Es importante considerar que este fenómeno fue importante pero bastante limitado en su alcance, ya que,
fuera de los sectores medios de las grandes ciudades, estos cambios no lograron modificar pautas más
tradicionales de orden familiar y religioso (Manzano, 2009).
Este clima cultural logró impactar también en la política. En palabras de la época, se pretendía crear “un
hombre nuevo”. La figura emblemática de estos ideales era Ernesto “Che” Guevara, quien después de la
experiencia de la Revolución cubana, iniciada en 1959, se había transformado en una referencia
ineludible.
El contexto internacional también es importante para comprender estas transformaciones. Terminada la
Segunda Guerra Mundial, el mundo occidental estuvo atravesado por la Guerra Fría. Es decir, por el
conflicto Este-Oeste, que implicaba la lucha entre dos modelos políticos: el socialista, referenciado en la
URSS (Unión de Repúblicas Socialistas Soviéticas), y el capitalista, liderado por Estados Unidos. Ambos
modelos se pensaban mutuamente como antagónicos más que como adversarios políticos. Es decir que
consideraban que no podían convivir y que debían luchar por la eliminación del otro.
La expresión latinoamericana de la Guerra Fría consistió en la aplicación de la Doctrina de Seguridad
Nacional, la estrategia represiva elaborada por Estados Unidos para evitar que se expandiera el socialismo
en la región, y para lo cual postulaba que la “guerra interna” era la respuesta necesaria ante la “invasión
comunista”. Es decir que legitimaba la aplicación, como parte de una política de Estado, de una
metodología represiva (asesinato, tortura, cárcel y desaparición) contra aquellas personas y
organizaciones que estuvieran comprometidas en proyectos políticos alternativos, que podían implicar o no
la lucha armada; pero cuyo espíritu esencial era la lucha por las reivindicaciones sociales.

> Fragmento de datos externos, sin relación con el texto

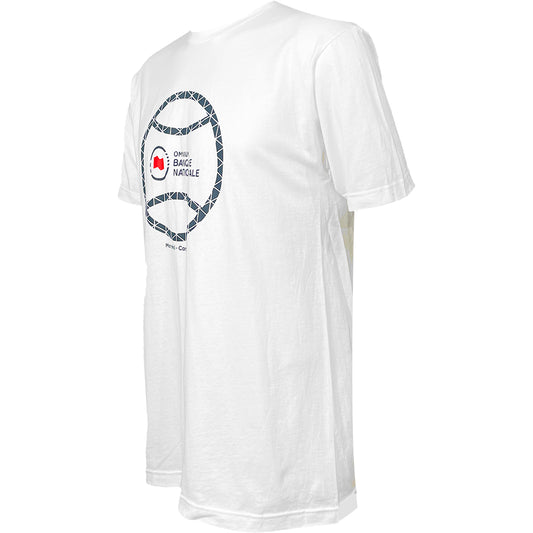 National Bank Open - T-Shirt Men White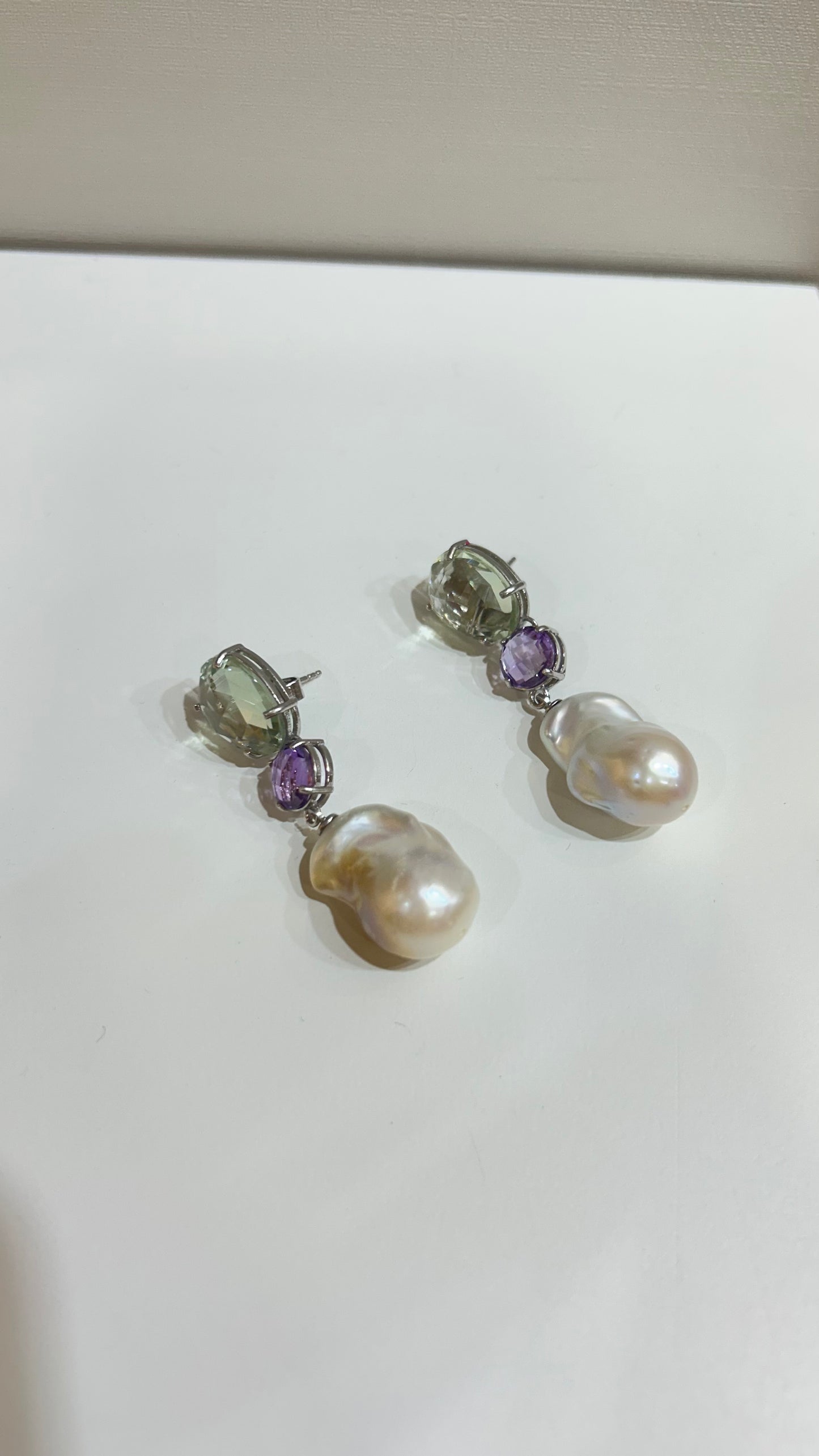 Aretes Della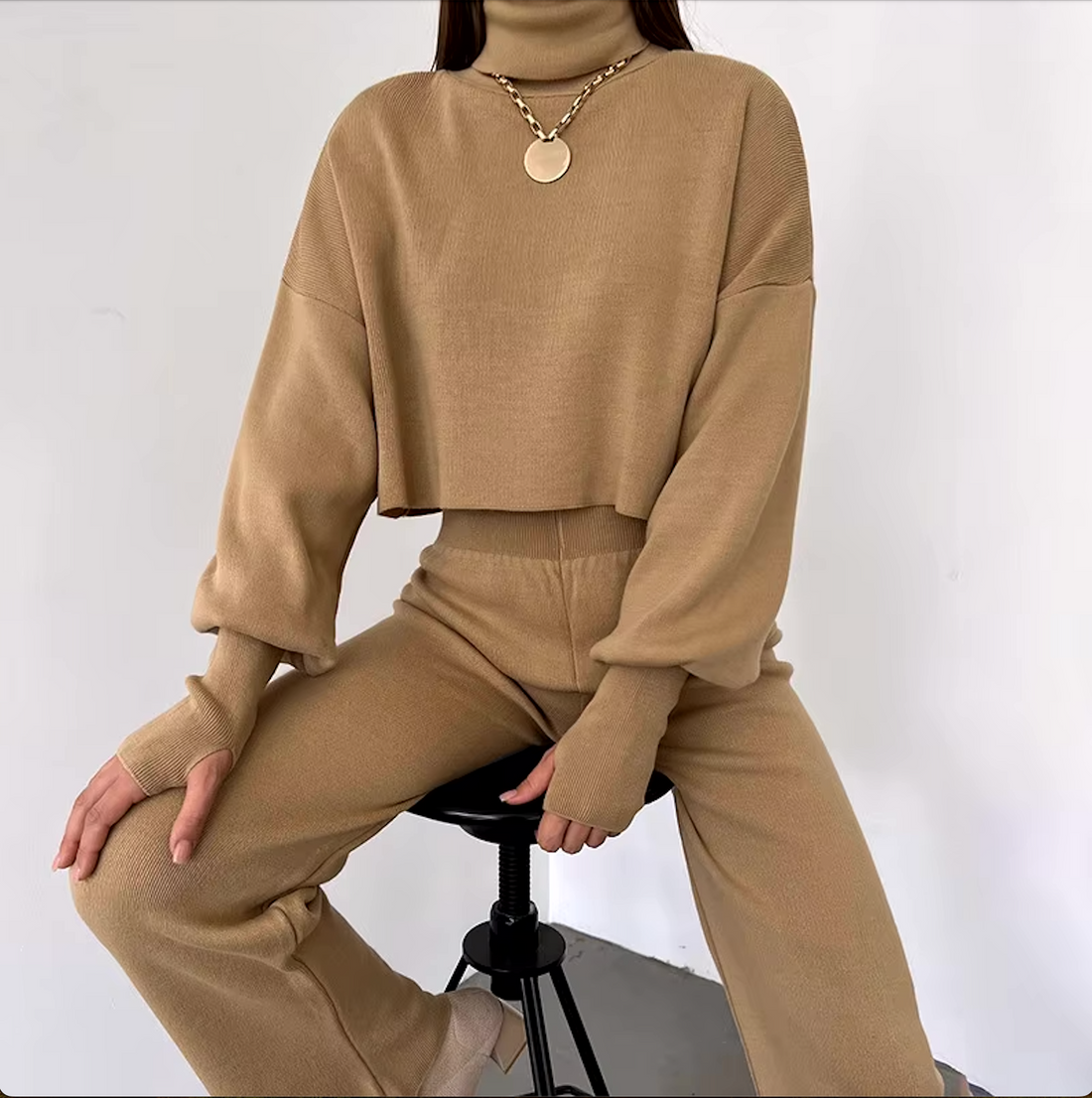Delaney Two-Piece Set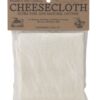 Cheese Cloth 9 sq ft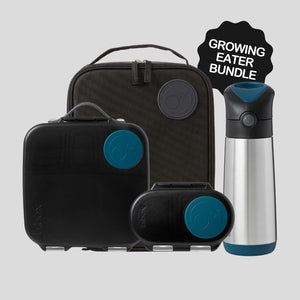 Growing Eater Bundle - Night Vision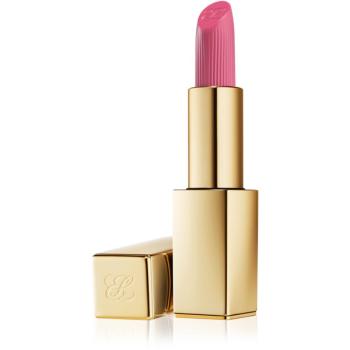 Estée Lauder Pure Color Creme Lipstick ruj crema culoare Powerful 3,5 g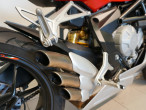 2017 MV Agusta F3 675 ABS
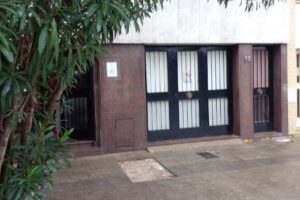 Nuevo Residencial Dean Funes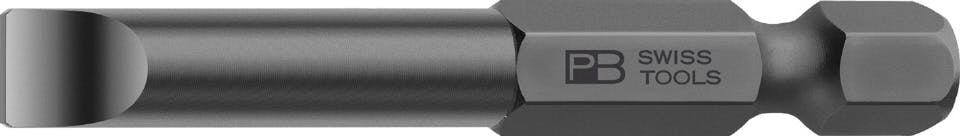 PBSWISSTOOLS 1.0x6.25/50mm [-]ドライバービット EA611PA-104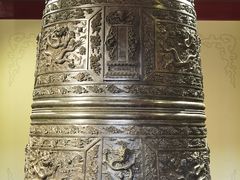 -大钟寺古钟博物馆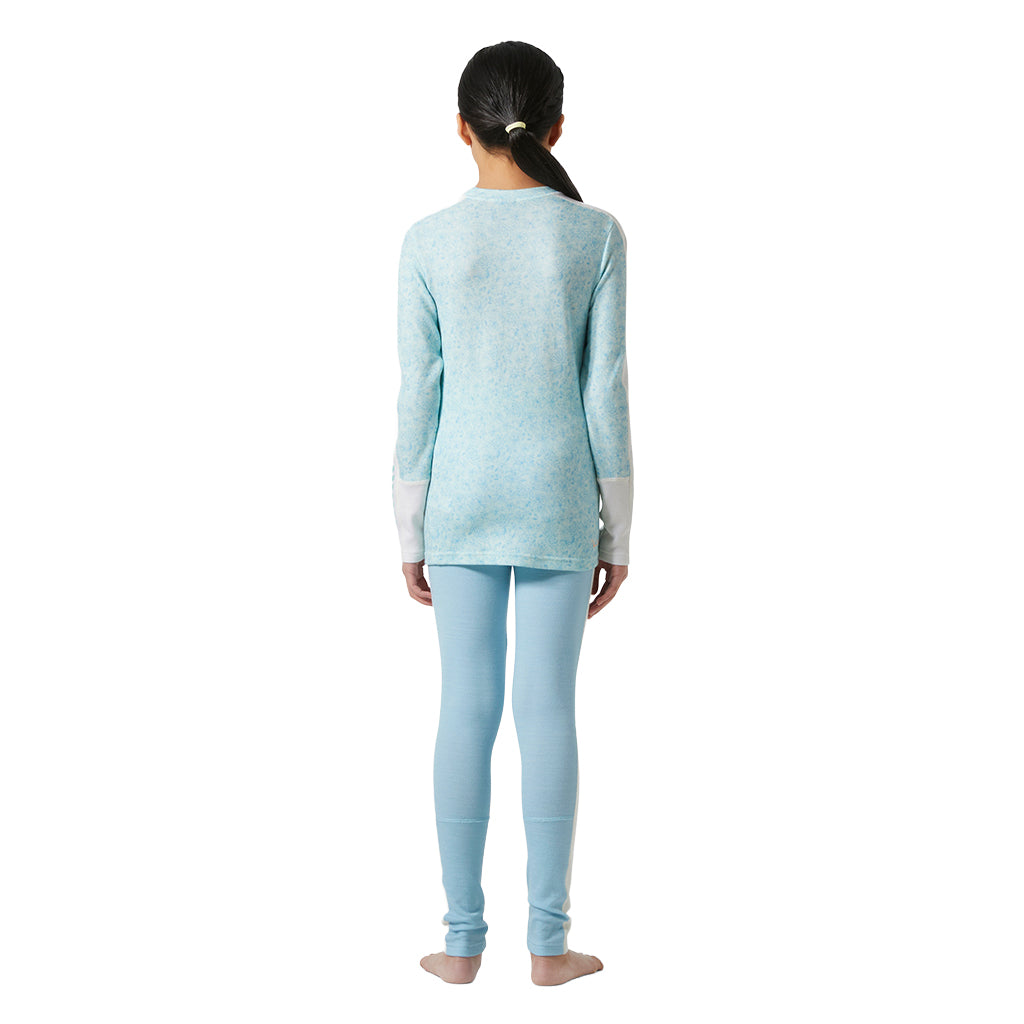 JR Graphic LIFA Merino Set - Base Layer Set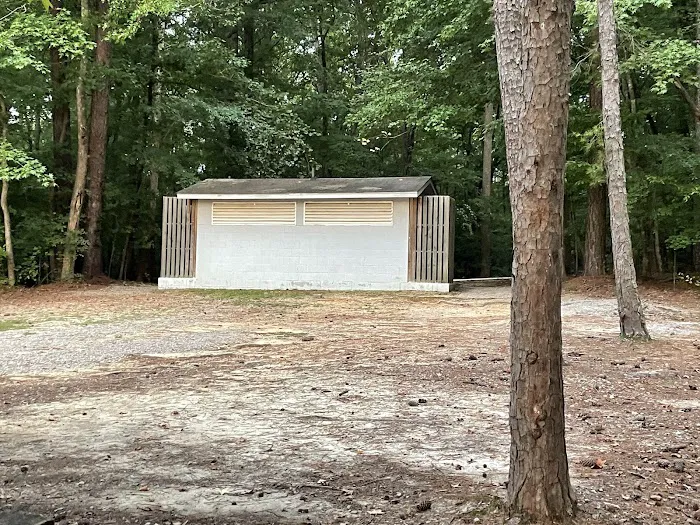 Satterwhite Group Campground 6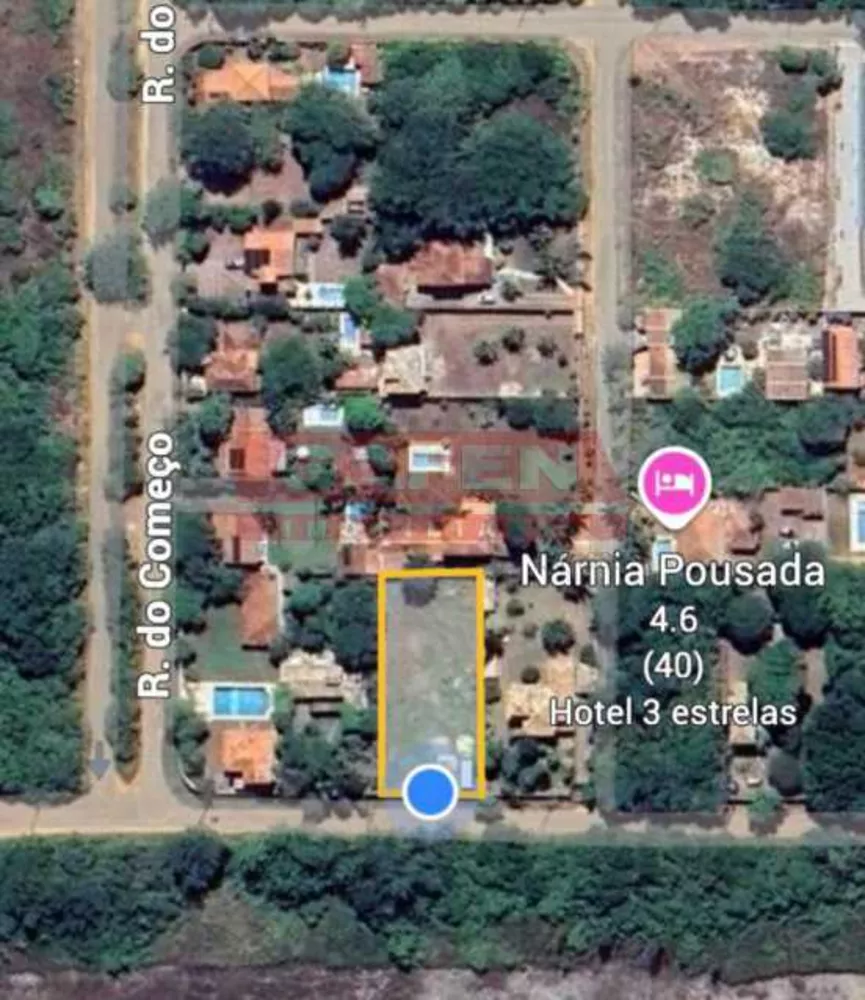 Terreno, 1125 m² - Foto 5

En este marco,
y en la medida en que América Latina, con excepción de la Cuba socialista, “pertenecía” al occidente
capitalista, se implementó el Plan Cóndor, una operación de represión organizada a principios de los años
setenta por los Servicios de Inteligencia de varios países latinoamericanos, entre ellos Argentina, Chile,
Brasil, Paraguay y Uruguay, con el objetivo de aniquilar a los “enemigos políticos”.
En este marco global y latinoamericano, en Argentina, hasta 1975, las Fuerzas Armadas buscaron
mantenerse institucionalmente al margen de la confrontación política, pero esto cambió cuando el Poder
Ejecutivo aprobó el “Operativo Independencia”, que legalizó la intervención del Ejército en la provincia de
Tucumán para cercar y reprimir a las organizaciones revolucionarias. La acción de las Fuerzas Armadas
en Tucumán es un ensayo preparatorio de la instalación del plan represivo: las desapariciones, asesinatos
y los primeros centros clandestinos de detención, como “La escuelita de Famaillá”, anticiparon lo que luego
sería la práctica represiva a partir del golpe de Estado de 1976.